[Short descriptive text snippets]
◆ ◆ ◆ ◆
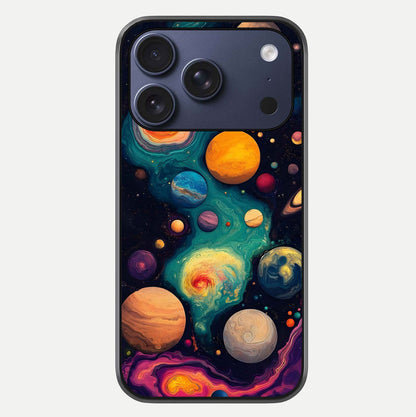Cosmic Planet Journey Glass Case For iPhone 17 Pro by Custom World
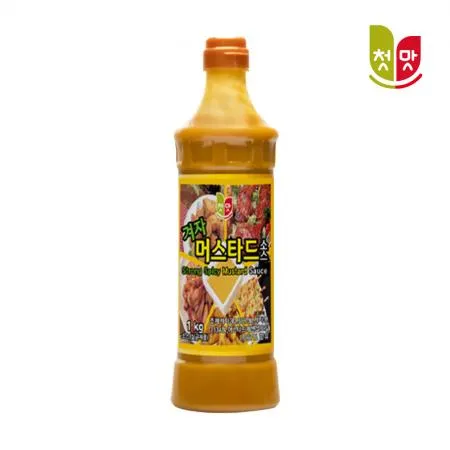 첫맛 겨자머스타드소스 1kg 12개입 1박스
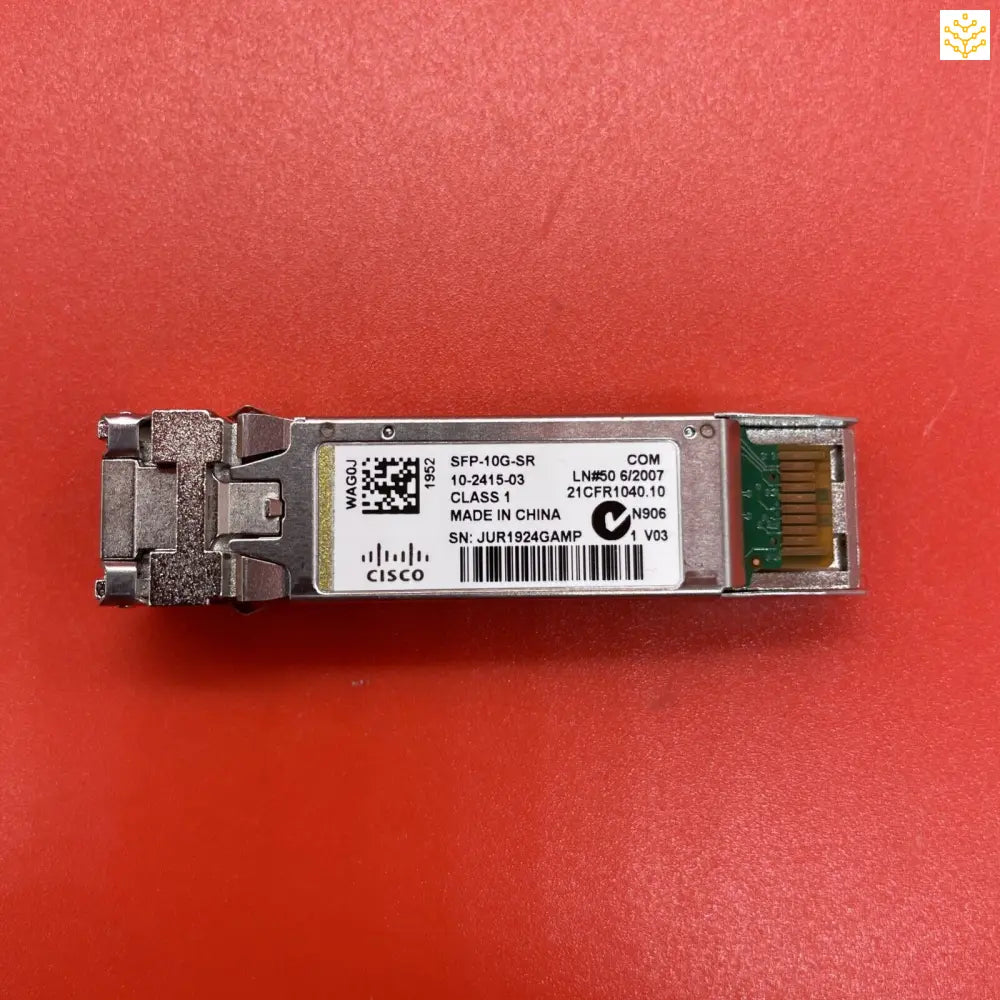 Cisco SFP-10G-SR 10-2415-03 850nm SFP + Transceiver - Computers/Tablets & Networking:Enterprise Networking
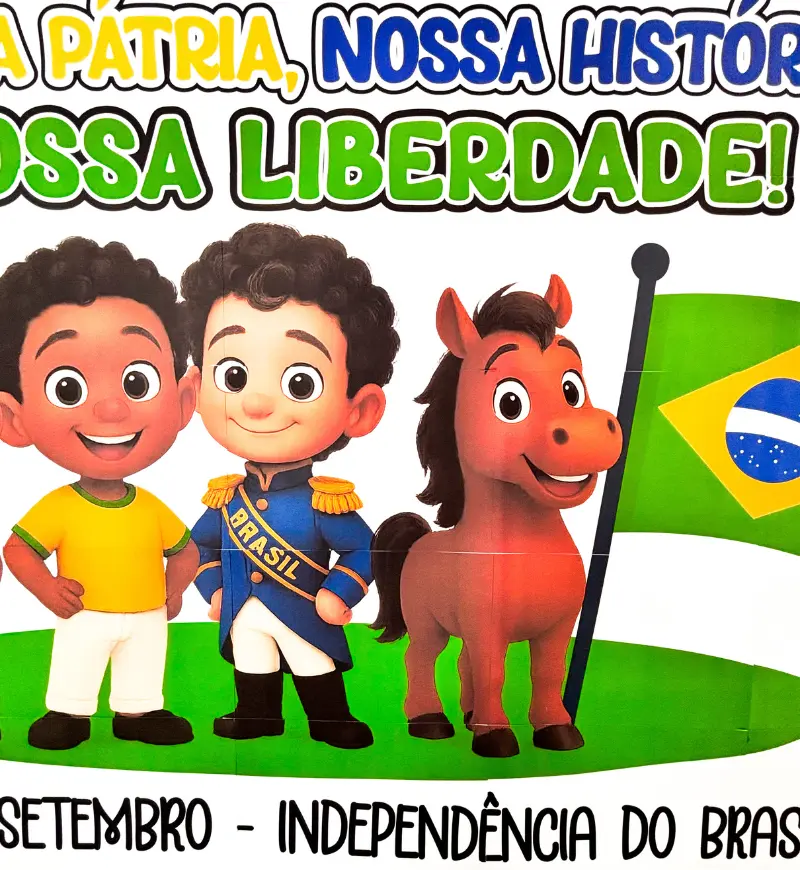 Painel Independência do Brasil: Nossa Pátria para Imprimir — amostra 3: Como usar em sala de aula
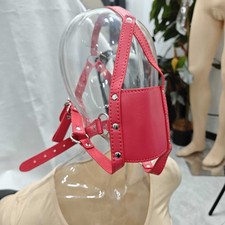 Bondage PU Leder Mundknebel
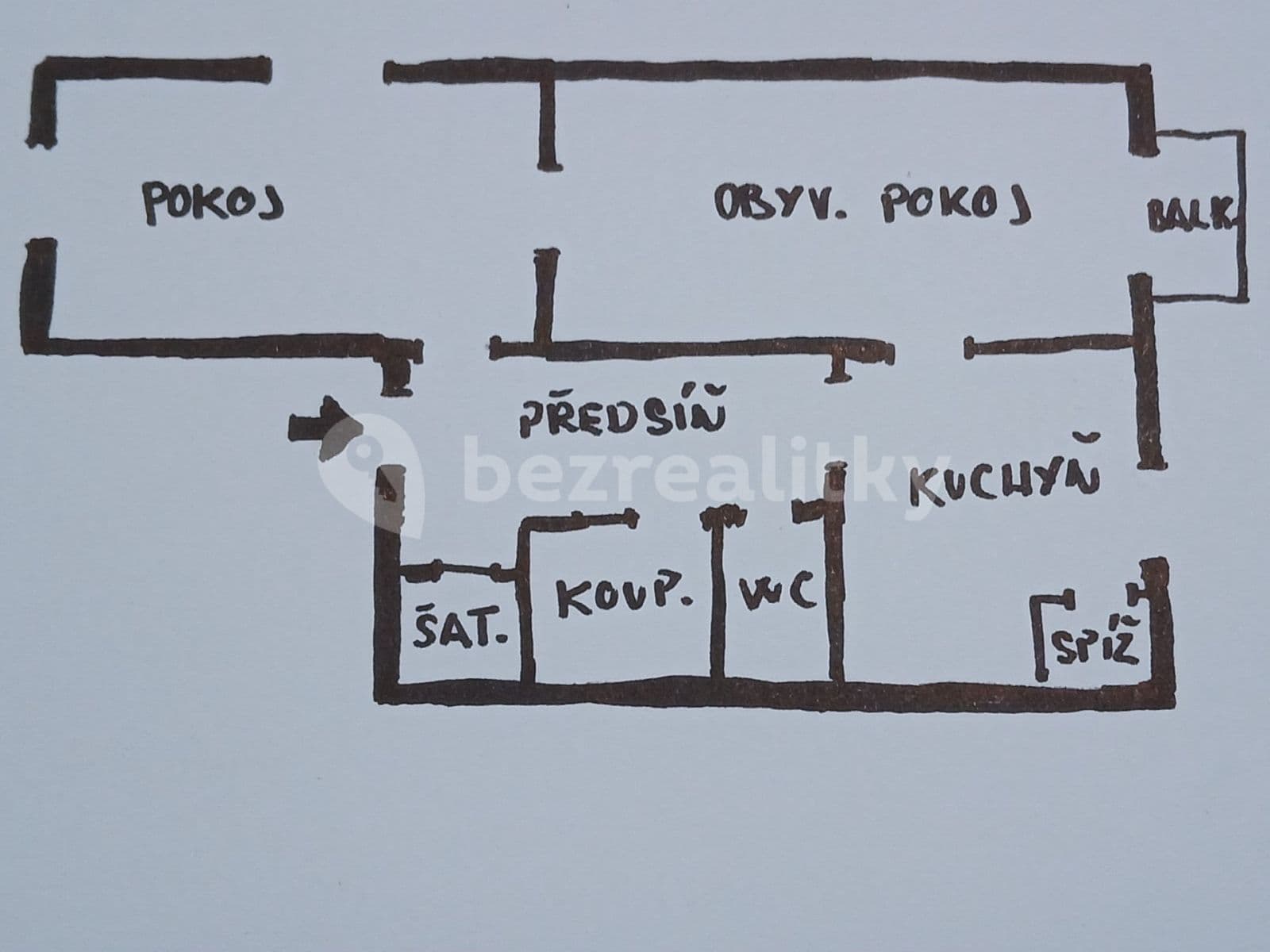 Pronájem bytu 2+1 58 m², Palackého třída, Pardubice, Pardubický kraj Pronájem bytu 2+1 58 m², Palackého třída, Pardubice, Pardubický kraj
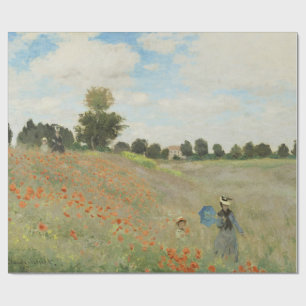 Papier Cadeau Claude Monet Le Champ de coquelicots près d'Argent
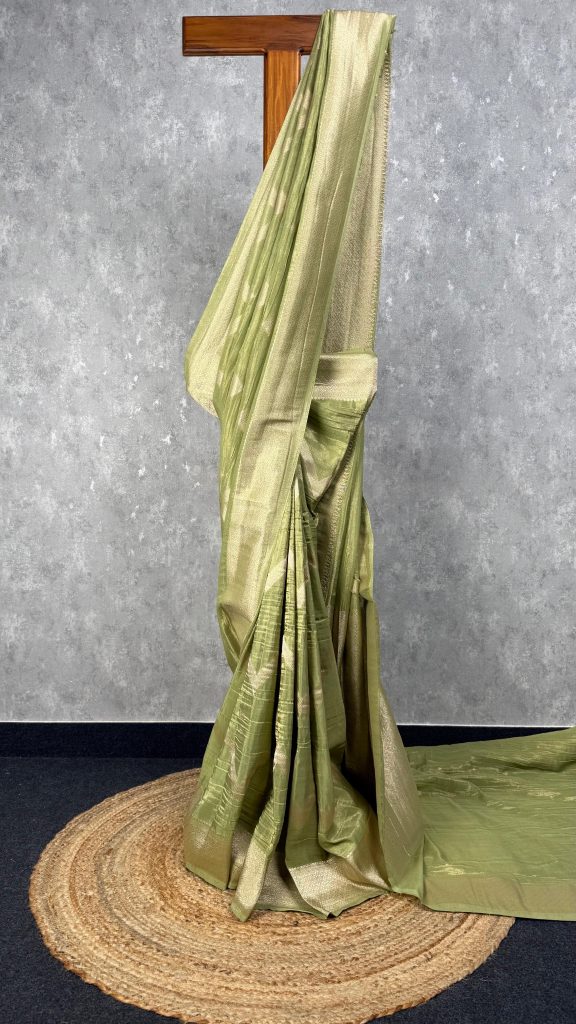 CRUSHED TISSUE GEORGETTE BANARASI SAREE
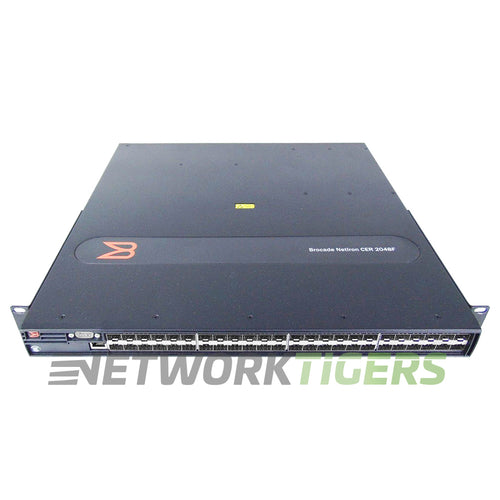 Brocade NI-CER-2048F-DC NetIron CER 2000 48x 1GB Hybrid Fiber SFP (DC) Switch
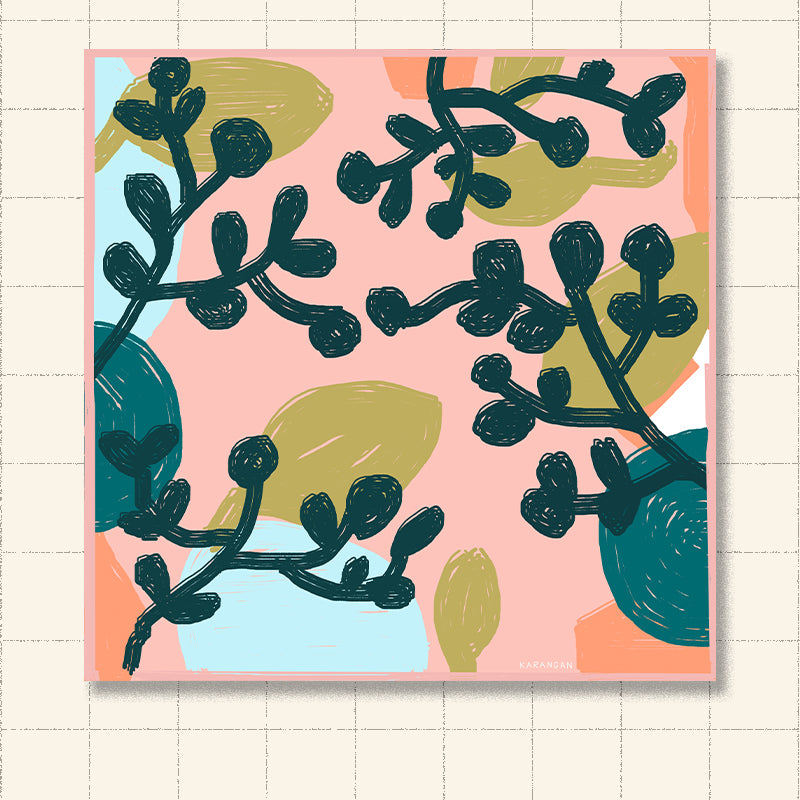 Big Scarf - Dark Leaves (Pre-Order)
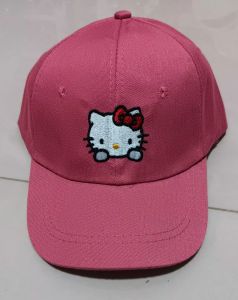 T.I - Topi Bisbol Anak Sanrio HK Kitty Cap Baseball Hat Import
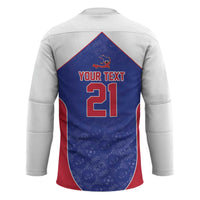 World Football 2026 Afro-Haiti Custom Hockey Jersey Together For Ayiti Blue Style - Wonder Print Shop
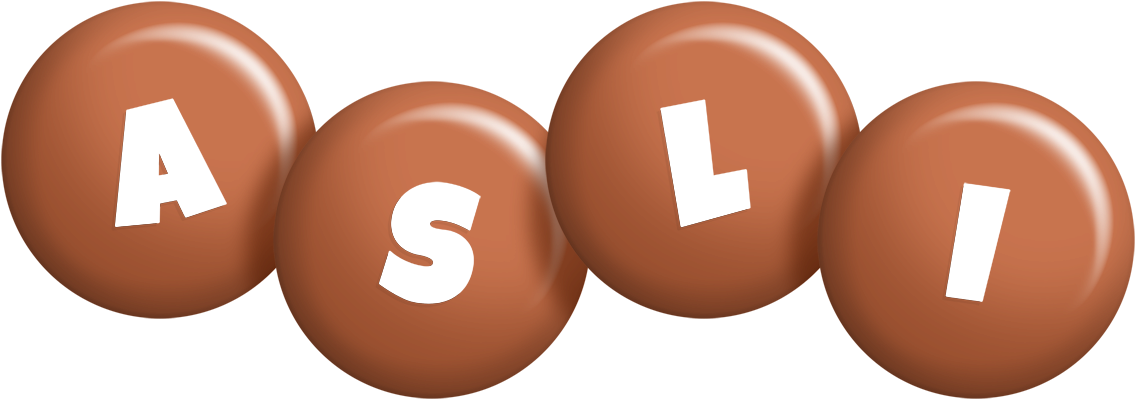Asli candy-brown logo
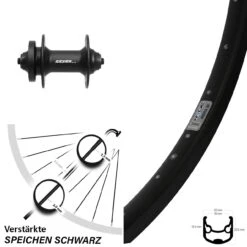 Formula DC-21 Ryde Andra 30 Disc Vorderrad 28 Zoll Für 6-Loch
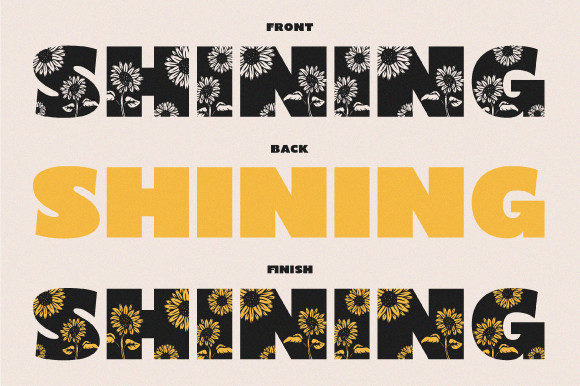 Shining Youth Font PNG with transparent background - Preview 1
◆ ◆ ◆ ◆
▶ _Your instructions_
Without including any picture, retype the entries exactly.

▶ _Task result_
Cosmic Planet Journey Glass Case For iPhone 17 Pro by Custom World
 첫맛 겨자머스타드소스 1kg 12개입 1박스
 Cisco SFP-10G-SR 10-2415-03 850nm SFP + Transceiver - Computers/Tablets & Networking:Enterprise Networking
 Painel Independência do Brasil: Nossa Pátria para Imprimir — amostra 3: Como usar em sala de aula
 Bondage PU Leder Mundknebel
 Pronájem bytu 2+1 58 m², Palackého třída, Pardubice, Pardubický kraj Pronájem bytu 2+1 58 m², Palackého třída, Pardubice, Pardubický kraj
 Papier Cadeau Claude Monet Le Champ de coquelicots près d'Argent
 CRUSHED TISSUE GEORGETTE BANARASI SAREE
 Brocade NI-CER-2048F-DC NetIron CER 2000 48x 1GB Hybrid Fiber SFP (DC) Switch
 Big Scarf - Dark Leaves (Pre-Order)
 T.I - Topi Bisbol Anak Sanrio HK Kitty Cap Baseball Hat Import
 World Football 2026 Afro-Haiti Custom Hockey Jersey Together For Ayiti Blue Style - Wonder Print Shop
Asli candy-brown logo
 Formula DC-21 Ryde Andra 30 Disc Vorderrad 28 Zoll Für 6-Loch
 Shining Youth Font PNG with transparent background - Preview 1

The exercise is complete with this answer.